Established by Tomra as part of their material circularity initiative, Retility, the value-chain collaboration was set up to effectively recycle materials from retired Tomra reverse vending machines, while also providing access to quality recycled content for use in the production of new Tomra technologies.
Different plastic polymers are suited to different applications. While flexible compounds could be effective for making plastic bags, compounds with stronger structural qualities could be a better match for moulded items. But a blend of these compounds might not perform well in either application. This means that the composition of any polymer compound must be reliably documented to ensure it meets the needs of its specific application.
To enable this, sorting technologies are used to separate different polymer types from one another and keep material streams pure, meaning recyclers can be confident of the composition of material going in, and therefore coming out, of their recycling processes. For clear and coloured compounds, this is a common practice, but for black compounds, it’s often a different story.

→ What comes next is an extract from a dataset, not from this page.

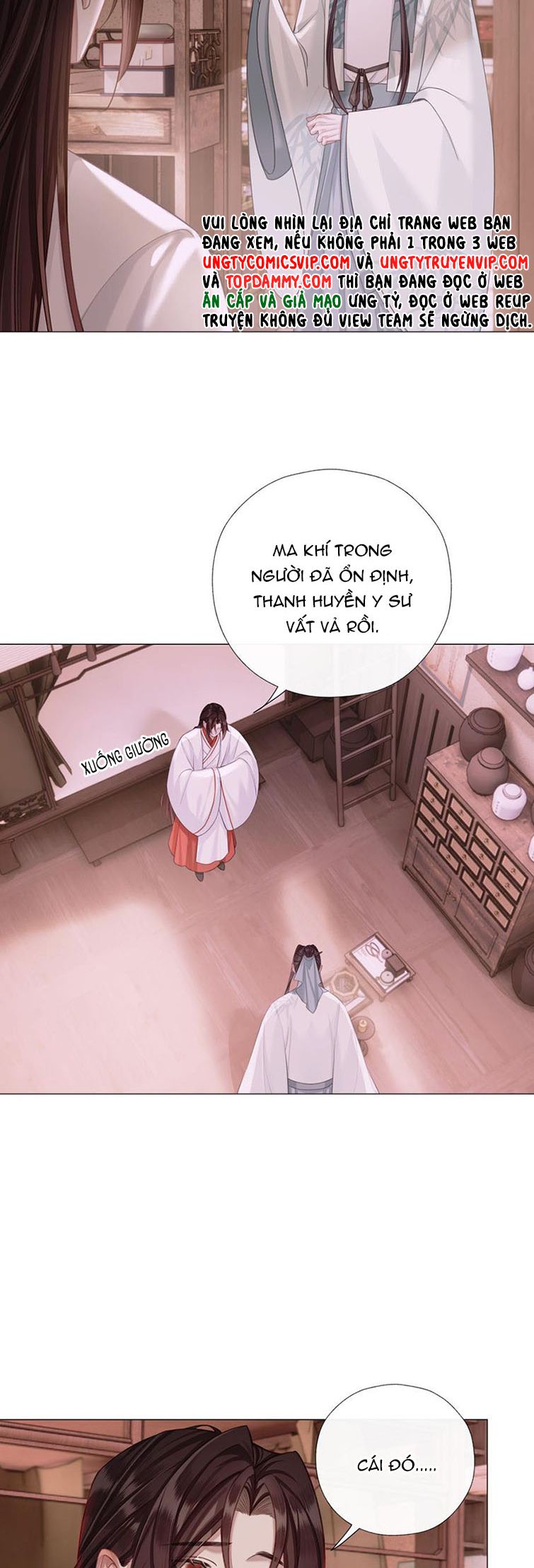 Bổn Tôn Tại Tông Môn Dưỡng Quỷ Hút Máu: Chapter 56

A common method for making plastic black is to mix it with carbon. Unfortunately, carbon black polymers are notoriously difficult to recycle as they are not recognized by many available sorting technologies, whereby different polymer compounds could be separated from one another. This issue is a barrier to keeping each polymer type’s purity high enough to guarantee the desired physical properties are maintained in the new recycled compounds. As a result, carbon black polymers are typically sent for incineration.
Applications of black polymers are found overwhelmingly in computer and mobile technology, where up to 60% of the associated plastics are black, and the automotive industry, where around 90% of plastics are coloured black.

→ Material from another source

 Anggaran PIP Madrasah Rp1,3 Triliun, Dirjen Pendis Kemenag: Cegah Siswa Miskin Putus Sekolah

Working with European Recycling Platform in Norway, Tomra reverse vending machines are responsibly decommissioned at their end of life. During disassembly, a range of black plastic parts are pre-sorted by polymer type before being passed to Polykemi, an industrial plastics compounder, to be recycled in a quality-assured material stream. Thereafter, the fully documented, high-quality recycled content is sent to Tomra’s existing injection moulding partners to become new polymer parts.